Choosing to tell the story through the voice of a young narrator is part of how Leyden introduces a magical element into the story – Ifwafwa. Bul-Boo’s sister doesn’t get a voice in this story. Says Leyden: “You’ll have to wait for the sequel to hear about the life of Madillo! In The Butterfly Heart, I felt Bul-Boo’s take on the issue suited the story and I hope she worked well as an alternate voice to that of the snake man.”

Bul-Boo’s classmate, Winifred, is from a poor family and after the death of her father, her uncle imposes himself upon the family, marrying her mother according to tradition. Unlike Winifred’s late father, her uncle is a cruel, imposing and violent man. Winifred’s mother has no reproductive rights. She is forced to bear child after child under unpleasant circumstances.

Things become worse when Winifred’s uncle decides to give her hand in marriage to his drinking buddy. She is forced out of school to prepare for this ordeal.

The girls, aided by their neighbour, Fred, seek counsel from Ifwafwa, the local snake whisperer, who is said to have supernatural powers.

Thrown into the storytelling mix is the girls’ teacher, a nun, who has wild stories to tell the children. We also read about the twins’ happy home life that they share with their Zambian father and English mother.

This is in stark contrast to Winifred’s desperate home life.

Perhaps the most taxing part of this story is Leyden having to step through the potential minefield of tradition versus modernity while also taking into consideration the rights of the people in her story.

“I think anywhere you find yourself in the world, you become aware of old ways and new ways rubbing against one another. It is how history is shaped. Comfortable traditional ways of doing things come up against new and untested ways.

“We muddle along and find a way for these to work together, or to find a way in which one displaces the other. The new then gradually becomes the old. It is a timeless thing. It is part of life and part of fiction.”

But Leyden adds that her novel also addresses the way parents listen to their children – or not – dismissing their stories as just that.

“I think that one of the lessons I have learnt as a parent is that I should listen to my children when they talk (not in the sense of obeying them, mind you!) and really hear what they have to stay

“Quite often, children will pick up things that may be happening to other children that they are in contact with. As parents and adults, we need to hear these things and not dismiss them as silly child talk.

“For example, in the abuse scandals that have hit the church, one of the common threads to emerge in subsequent inquiries is that often children were not listened to; they were not taken seriously. This had grave consequences.”

The book has been endorsed by Amnesty International UK as “contributing to a better understanding of human rights and the values that underpin them”. After the book was launched in Ireland, now the author’s home, schools were encouraged to get involved.

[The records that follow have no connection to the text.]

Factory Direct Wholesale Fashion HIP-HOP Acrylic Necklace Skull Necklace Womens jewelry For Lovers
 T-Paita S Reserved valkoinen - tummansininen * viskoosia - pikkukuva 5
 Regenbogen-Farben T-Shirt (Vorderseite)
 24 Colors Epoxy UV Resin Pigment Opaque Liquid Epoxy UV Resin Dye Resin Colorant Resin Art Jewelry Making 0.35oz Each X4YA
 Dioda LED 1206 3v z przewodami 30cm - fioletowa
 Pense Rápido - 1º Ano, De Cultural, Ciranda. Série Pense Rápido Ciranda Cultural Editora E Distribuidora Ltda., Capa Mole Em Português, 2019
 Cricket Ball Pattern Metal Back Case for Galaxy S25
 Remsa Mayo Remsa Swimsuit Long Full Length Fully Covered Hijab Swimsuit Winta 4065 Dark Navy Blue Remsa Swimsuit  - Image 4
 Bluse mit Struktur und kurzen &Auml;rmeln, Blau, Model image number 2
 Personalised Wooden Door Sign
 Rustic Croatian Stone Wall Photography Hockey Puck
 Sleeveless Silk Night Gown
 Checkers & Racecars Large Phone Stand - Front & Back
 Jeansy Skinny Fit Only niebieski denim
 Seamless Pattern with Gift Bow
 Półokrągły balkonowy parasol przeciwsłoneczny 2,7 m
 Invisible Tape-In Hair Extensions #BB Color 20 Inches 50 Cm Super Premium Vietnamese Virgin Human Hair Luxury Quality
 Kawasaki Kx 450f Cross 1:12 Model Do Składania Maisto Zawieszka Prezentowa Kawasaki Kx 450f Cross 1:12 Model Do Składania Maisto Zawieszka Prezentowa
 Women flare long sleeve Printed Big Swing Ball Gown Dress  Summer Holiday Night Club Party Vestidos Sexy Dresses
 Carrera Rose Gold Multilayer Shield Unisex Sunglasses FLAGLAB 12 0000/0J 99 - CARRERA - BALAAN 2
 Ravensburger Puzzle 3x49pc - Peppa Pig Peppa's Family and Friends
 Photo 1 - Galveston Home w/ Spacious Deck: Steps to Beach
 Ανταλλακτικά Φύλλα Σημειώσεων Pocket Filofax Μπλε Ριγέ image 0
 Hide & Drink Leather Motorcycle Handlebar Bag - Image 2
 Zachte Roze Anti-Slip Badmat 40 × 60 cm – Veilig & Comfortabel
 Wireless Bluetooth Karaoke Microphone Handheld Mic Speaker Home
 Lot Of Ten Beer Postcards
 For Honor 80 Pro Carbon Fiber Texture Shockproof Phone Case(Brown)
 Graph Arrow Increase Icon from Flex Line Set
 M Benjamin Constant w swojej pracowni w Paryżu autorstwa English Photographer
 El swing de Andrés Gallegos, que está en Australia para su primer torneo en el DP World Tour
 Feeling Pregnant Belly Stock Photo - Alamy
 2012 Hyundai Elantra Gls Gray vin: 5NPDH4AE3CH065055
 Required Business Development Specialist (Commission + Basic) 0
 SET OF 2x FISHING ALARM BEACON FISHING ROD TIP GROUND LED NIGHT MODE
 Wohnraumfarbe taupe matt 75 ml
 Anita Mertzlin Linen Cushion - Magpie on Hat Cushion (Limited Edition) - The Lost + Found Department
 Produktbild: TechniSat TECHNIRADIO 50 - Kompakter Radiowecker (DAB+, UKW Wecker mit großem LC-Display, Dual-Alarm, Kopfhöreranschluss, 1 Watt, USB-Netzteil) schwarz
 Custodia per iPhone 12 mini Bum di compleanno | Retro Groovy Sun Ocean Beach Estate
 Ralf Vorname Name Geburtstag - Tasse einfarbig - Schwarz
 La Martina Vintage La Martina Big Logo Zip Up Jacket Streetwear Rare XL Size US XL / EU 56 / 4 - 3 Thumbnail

Scholars from schools in Kilkenny met with Leyden and created visual representations of their understanding of the story. This was all in the interest of getting young people to read and, more importantly, to read stories that they can relate to, or use to help understand the lives of those around them.
 
The Butterfly Heart tells a magical tale that is full of wisdom and wit. This is an incredibly touching story that respectfully speaks to tradition in a simple but powerful way. It is definitely one for the shelves of the young adults in your home.